**WHAT TO DO**
Where the line containing "Vegetable ID Chart" appears below, start there and repeat each line exactly to the end. Leave the pictures out.
RECORDS PROVIDED Block Start
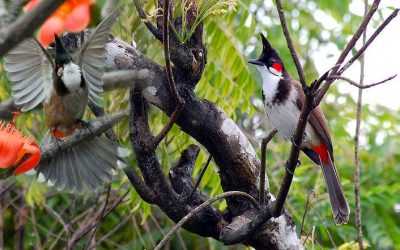 Tiêu chí chọn con chim chào mào đẹp, hót hay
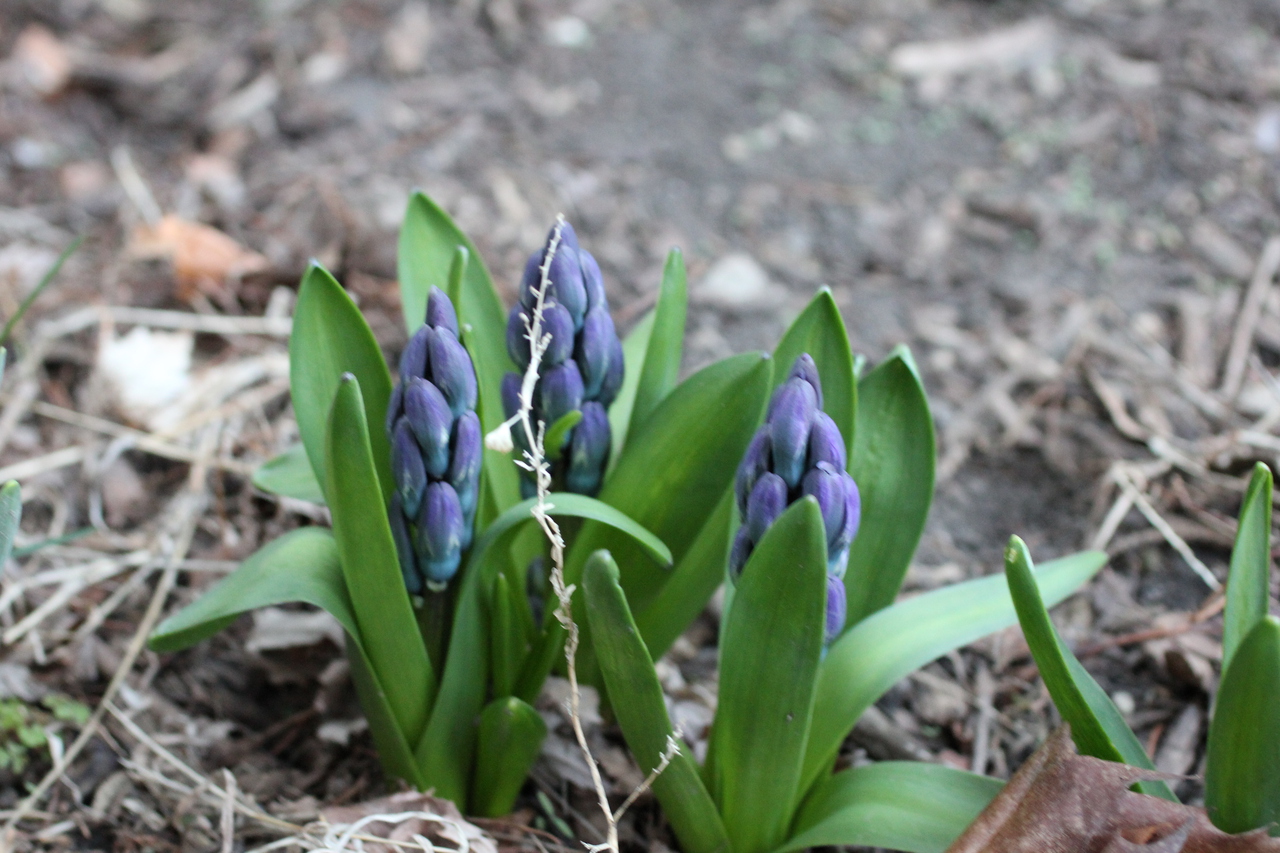 Purple Hyacinth Emerging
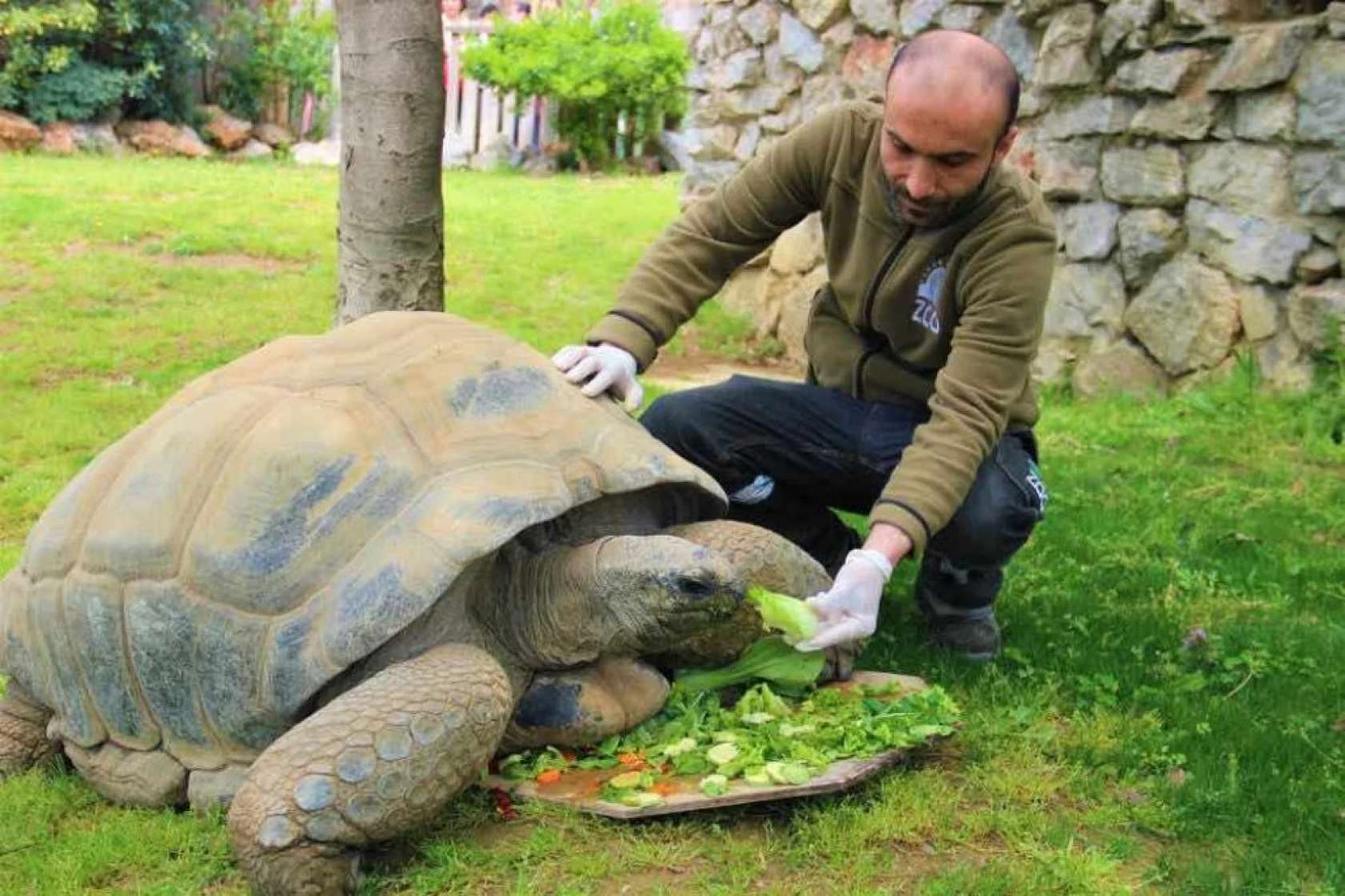 Devasa kaplumbağaya 102. yaş sürprizi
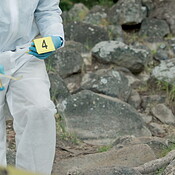 Crime scene, evidence markers and forensic investigation in woods with ...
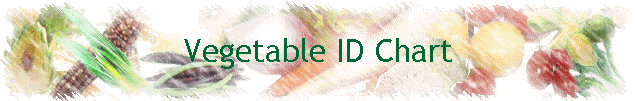 Vegetable ID Chart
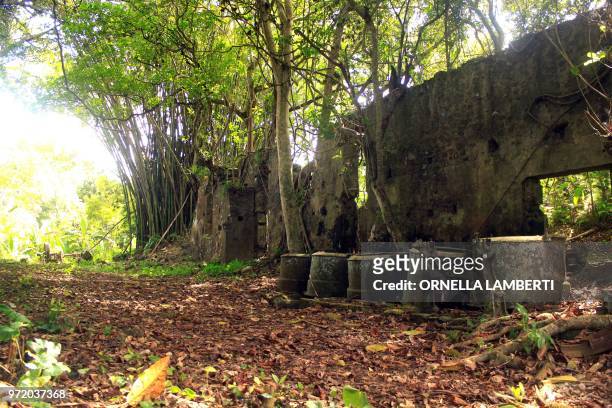 Picture taken on June 11, 2018 near M'Tsangamouji on the French territory of Mayotte, shows walls of an ancient building overgrown with vegetation...
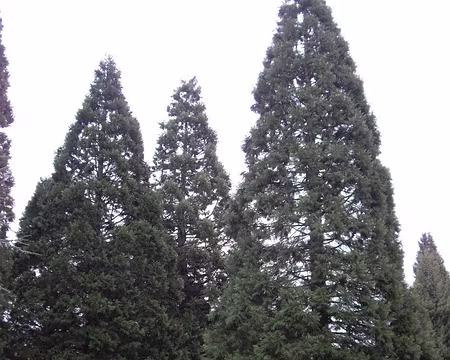 005 Conifères géants d'Orsay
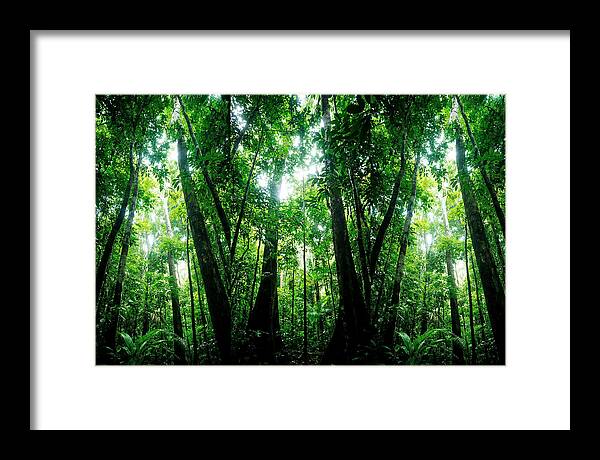 Inside The Lush Amazon Canopy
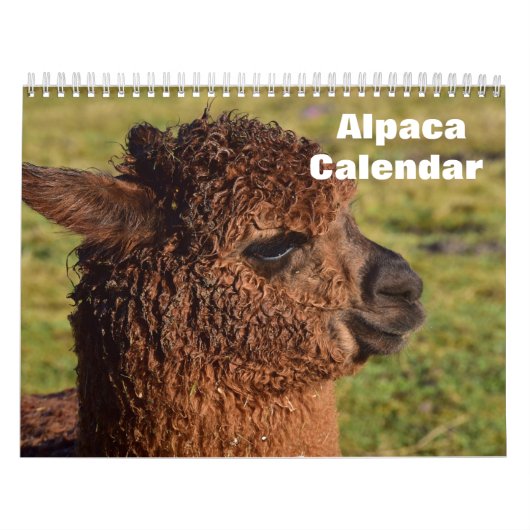 Alpaka 2027 kalender (Titelbild)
RECORDS PROVIDED Block End
**RESPONSE**
 Vegetable ID Chart
 Picture taken on June 11, 2018 near M'Tsangamouji on the French territory of Mayotte, shows walls of an ancient building overgrown with vegetation...
 005 Conifères géants d'Orsay
 Inside The Lush Amazon Canopy
 Alpaka 2027 kalender (Titelbild)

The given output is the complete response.